> [TO DO]: Only the stretch of the listing below that runs from the line with "Inel Aur 14k" through the line with "for iPhone 17" is to be printed, exactly and with both ends.

> [PROVIDED DATA]:
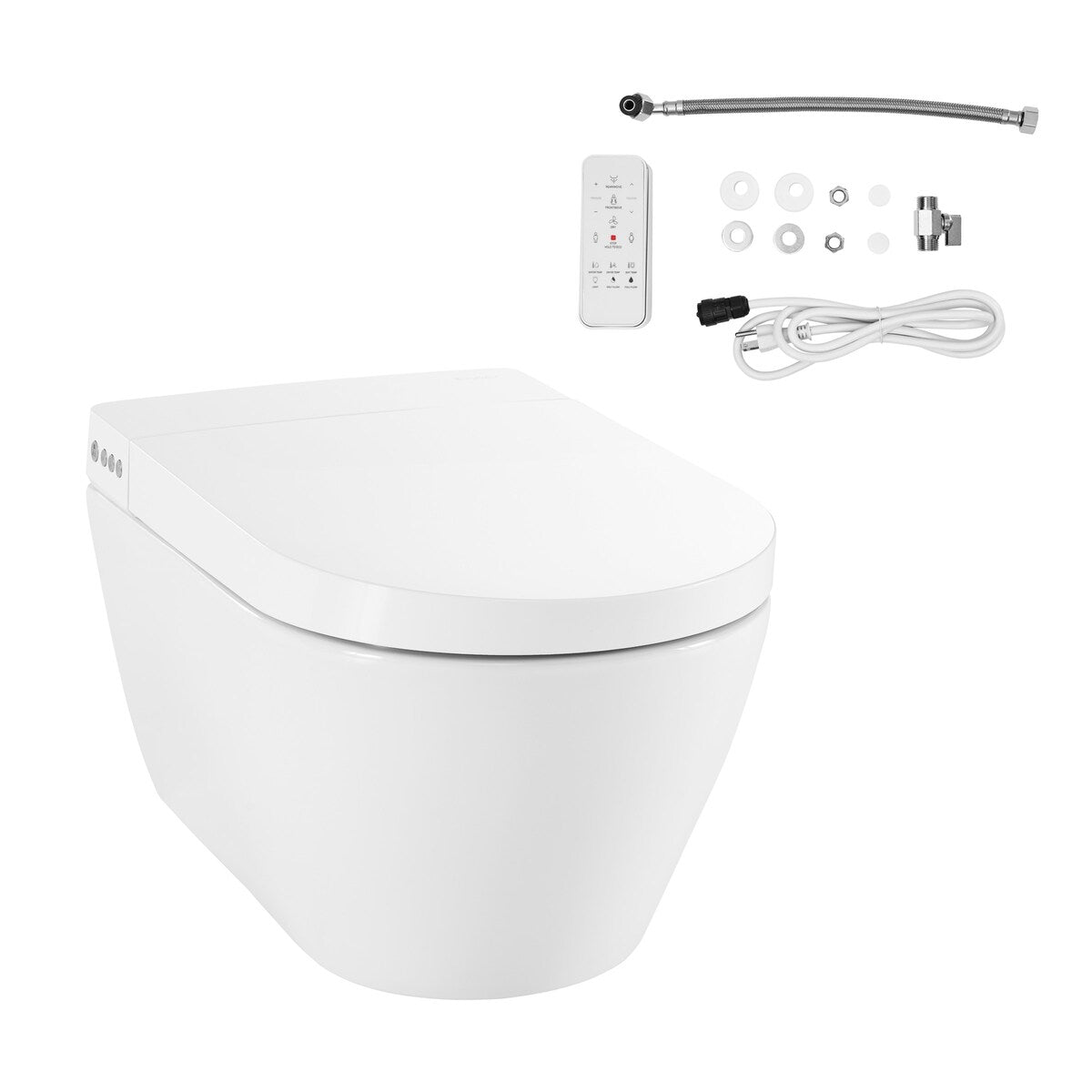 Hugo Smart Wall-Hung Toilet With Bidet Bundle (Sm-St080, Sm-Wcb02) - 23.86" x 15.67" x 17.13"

...

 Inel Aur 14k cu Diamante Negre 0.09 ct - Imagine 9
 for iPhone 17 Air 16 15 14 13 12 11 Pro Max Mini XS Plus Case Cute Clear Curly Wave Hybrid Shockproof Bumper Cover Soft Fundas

> [EXERCISE SOLUTION]:
 Inel Aur 14k cu Diamante Negre 0.09 ct - Imagine 9
 for iPhone 17 Air 16 15 14 13 12 11 Pro Max Mini XS Plus Case Cute Clear Curly Wave Hybrid Shockproof Bumper Cover Soft Fundas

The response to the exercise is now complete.